Instructions to follow:
Look below for the line holding "Brembo 09.9363.2X - Jarrulevy inparts.fi" and the line holding "Стельова хромована люстра". Transcribe exactly those lines and all lines between them, nothing more.
(Provided records)
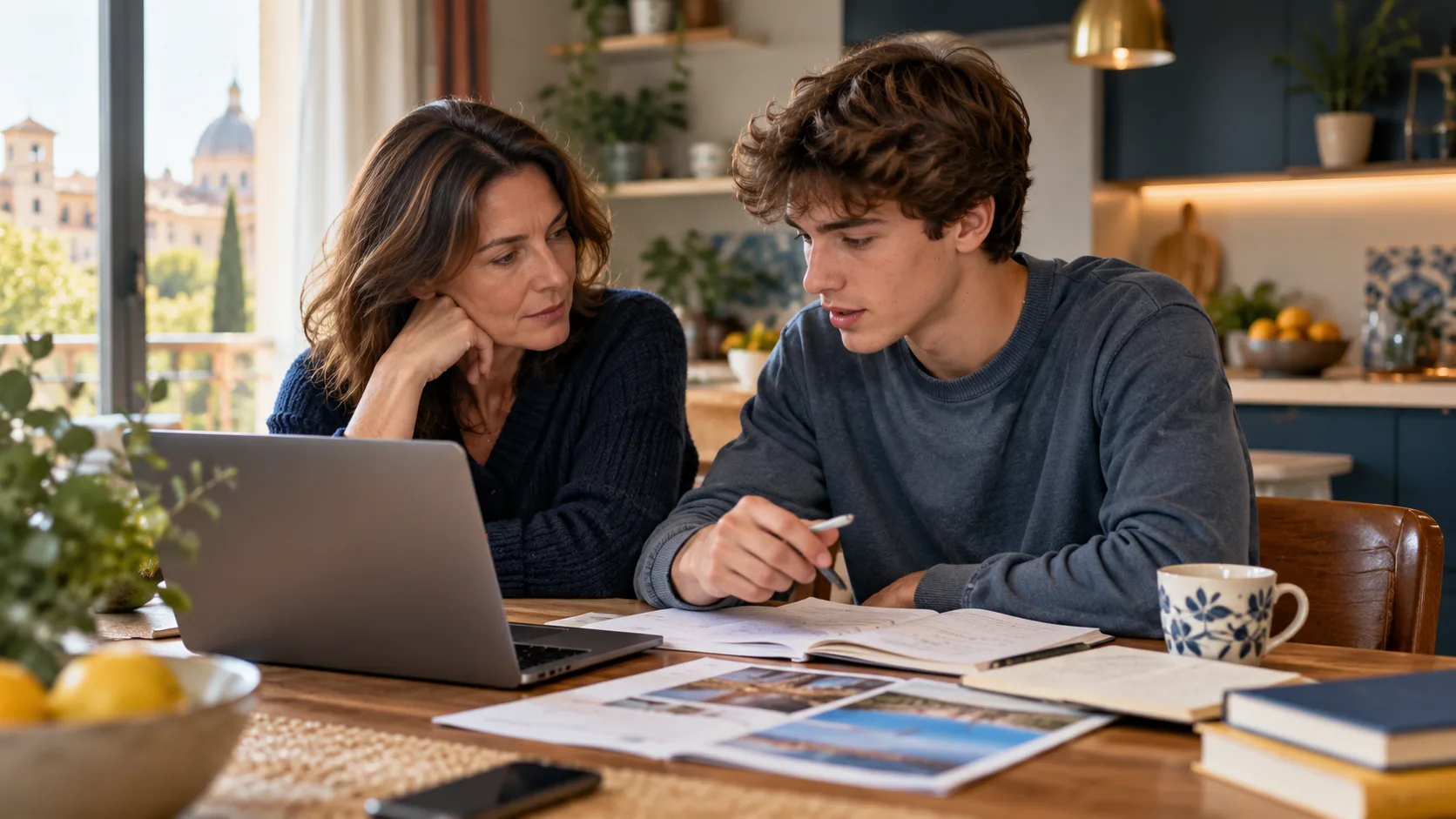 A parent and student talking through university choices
(End Provided records)
(Provided records)
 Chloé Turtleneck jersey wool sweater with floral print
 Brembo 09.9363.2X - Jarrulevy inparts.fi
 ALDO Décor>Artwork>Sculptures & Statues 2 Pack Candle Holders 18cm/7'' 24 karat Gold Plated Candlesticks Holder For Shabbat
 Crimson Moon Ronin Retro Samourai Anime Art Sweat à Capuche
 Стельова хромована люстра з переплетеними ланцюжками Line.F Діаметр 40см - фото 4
(End Provided records)
Solution to this task:
 Brembo 09.9363.2X - Jarrulevy inparts.fi
 ALDO Décor>Artwork>Sculptures & Statues 2 Pack Candle Holders 18cm/7'' 24 karat Gold Plated Candlesticks Holder For Shabbat
 Crimson Moon Ronin Retro Samourai Anime Art Sweat à Capuche
 Стельова хромована люстра з переплетеними ланцюжками Line.F Діаметр 40см - фото 4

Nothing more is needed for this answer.